- Task to complete -
Every line from the one containing "Press on general." to the end of the records below must be copied exactly, and no pictures may be included.

-------- Records for the task --------

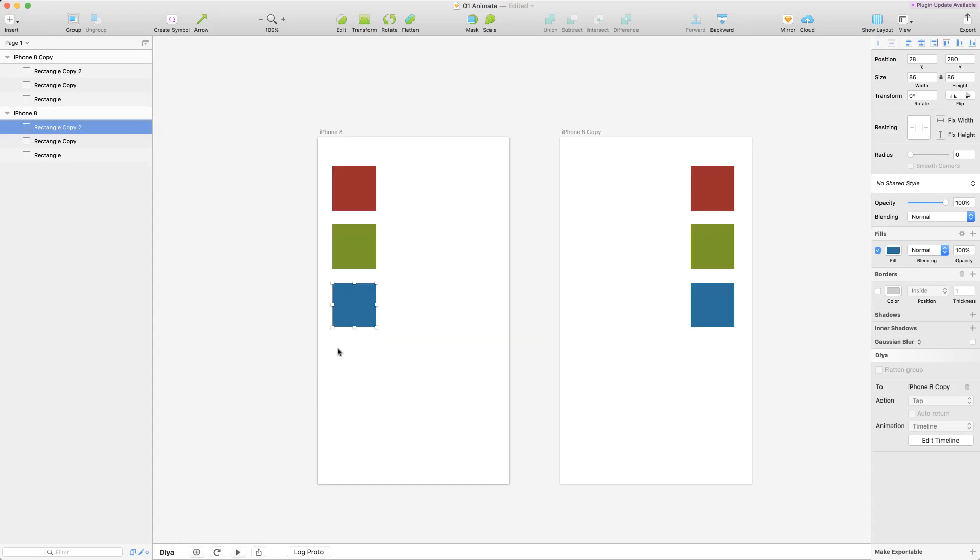So when I have my layer selected you'll see that it has also added itself to the sketch inspector over here and it gives you the ability to edit the timeline.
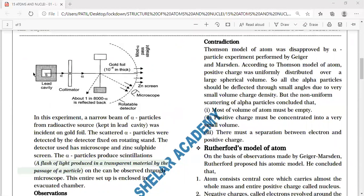In the diagram, there is a lead cavity. The lead cavity contains the radioactive substance, which emits alpha particles, beta particles, and gamma radiation.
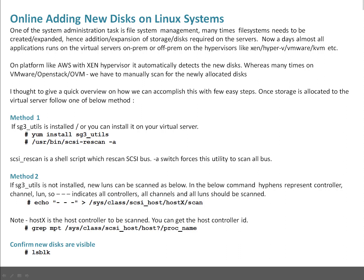But when you are using hypervisors like VMware, OpenStack, or OVM, we have to manually scan for the newly allocated disk drives. I thought to give you a quick overview on how you can accomplish this with a few steps. Method 1: if sg3_utils is installed, you can install it on your virtual server. You can run scsi-rescan, which is a shell script that rescans SCSI bus. The -a switch forces this utility to scan all buses.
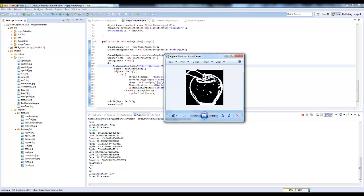From there I do a shape context algorithm, which looks at the shape from the point of view of each of the edge pixels. This gives me a good shape descriptor that's independent of scale, rotation, and translation.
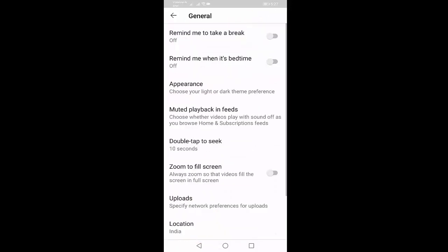Press on general. You can see here double tap to seek. You can see here double tap to seek, open it.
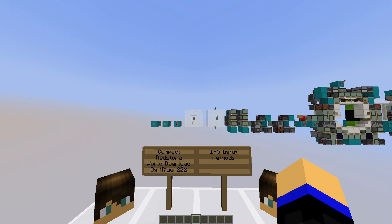Hello everyone, welcome back. This is 1-5 Input Methods. I'm Emu222 and today we will be discussing input methods as suggested by the title - the input devices and how to define legitimate or illegitimate inputs, and a brief discussion on the choice of input devices and location.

--------

- Exercise output -
Press on general. You can see here double tap to seek. You can see here double tap to seek, open it.
Hello everyone, welcome back. This is 1-5 Input Methods. I'm Emu222 and today we will be discussing input methods as suggested by the title - the input devices and how to define legitimate or illegitimate inputs, and a brief discussion on the choice of input devices and location.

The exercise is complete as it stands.